The only question put to these two was simply: what will you do if a major international bank crashes?

On the surface this test – referred to appropriately as a ‘war game’ – is designed to show up any weaknesses and point to improvements in the bank regulations that would prevent the entire financial system crashing.

These war games are a sign of the acute fear rampant amongst the central bankers  that a major banking collapse is not just a possibility but is fast becoming a reality. The International Monetary Fund (IMF) in its latest financial stability report finds that a quarter of the banks in the advanced Western economies, with assets of over $11 trillion, are weak and vulnerable even if the world economy recovered to pre-2008 levels.

Given that the world capitalist economy is showing no signs of recovery, with manufacturing industry declining across the world to the point of a slump, this means that, even on their own optimistic estimation, a quarter of the banks are going to go bust.

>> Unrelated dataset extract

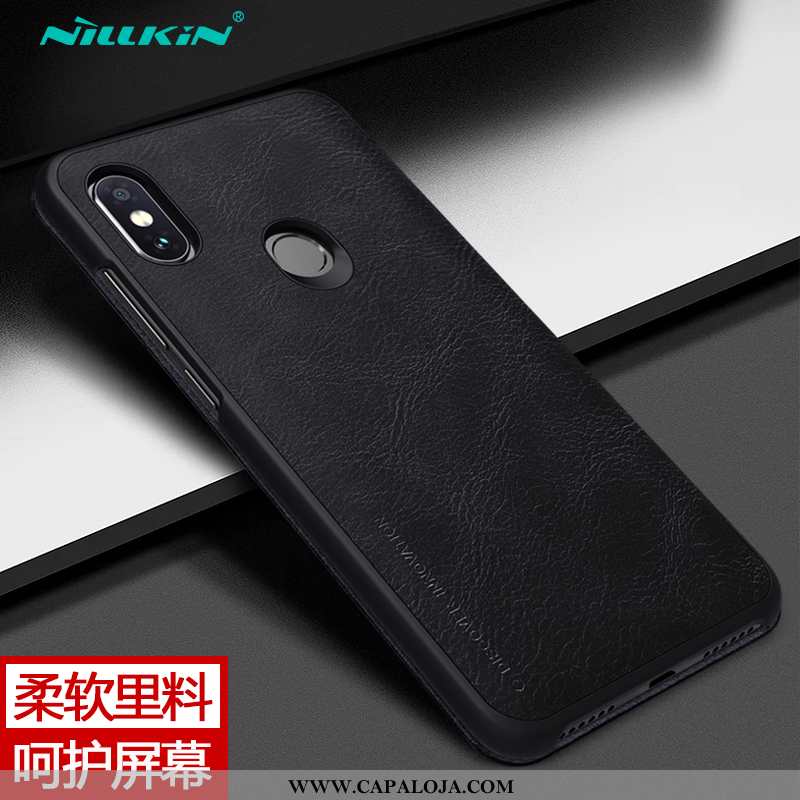 Capas Xiaomi Redmi Note 6 Pro Couro Cover Pequena Cases Castanho, Capa Xiaomi Redmi Note 6 Pro Prote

Of these, Europe’s largest bank, Deutsche Bank, is right in the firing line, having lost 43% of its share value this year alone and now facing a $14 billion fine for mis-selling mortgage-backed securities in the US – a fine it simply cannot afford to pay.

The Bank of England’s Financial Stability Board (chaired by Carney) has reportedly drawn up a list of 30 banks that pose the greatest risk to the global economy if they collapse.

Of these thirty, Deutsche has been pushed off its top spot with the FSB judging HSBC and JP Morgan as the most systemically important. These war games do not just involve the British; representatives of more than 140 eurozone banks will also be involved for the first time.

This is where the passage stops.